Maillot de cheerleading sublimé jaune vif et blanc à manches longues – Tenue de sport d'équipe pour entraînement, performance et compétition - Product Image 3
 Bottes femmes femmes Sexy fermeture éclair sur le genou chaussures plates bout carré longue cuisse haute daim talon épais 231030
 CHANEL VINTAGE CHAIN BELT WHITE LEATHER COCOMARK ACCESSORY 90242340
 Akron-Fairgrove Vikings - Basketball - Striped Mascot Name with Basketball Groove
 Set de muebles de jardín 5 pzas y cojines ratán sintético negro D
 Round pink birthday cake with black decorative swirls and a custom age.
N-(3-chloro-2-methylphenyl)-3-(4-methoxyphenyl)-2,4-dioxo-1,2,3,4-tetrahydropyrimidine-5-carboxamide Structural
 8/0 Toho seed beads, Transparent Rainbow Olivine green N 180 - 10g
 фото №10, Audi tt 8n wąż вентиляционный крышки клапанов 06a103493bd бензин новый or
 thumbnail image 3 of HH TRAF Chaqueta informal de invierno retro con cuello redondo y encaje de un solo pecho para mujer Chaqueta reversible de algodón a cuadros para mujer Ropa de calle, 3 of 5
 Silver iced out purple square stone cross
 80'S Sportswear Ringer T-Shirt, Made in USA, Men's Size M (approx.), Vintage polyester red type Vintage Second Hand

Brief ▸
The line containing "8/0 Toho seed" and every line after it, through the last one above, should be written out word for word.

Completed task ▸
 8/0 Toho seed beads, Transparent Rainbow Olivine green N 180 - 10g
 фото №10, Audi tt 8n wąż вентиляционный крышки клапанов 06a103493bd бензин новый or
 thumbnail image 3 of HH TRAF Chaqueta informal de invierno retro con cuello redondo y encaje de un solo pecho para mujer Chaqueta reversible de algodón a cuadros para mujer Ropa de calle, 3 of 5
 Silver iced out purple square stone cross
 80'S Sportswear Ringer T-Shirt, Made in USA, Men's Size M (approx.), Vintage polyester red type Vintage Second Hand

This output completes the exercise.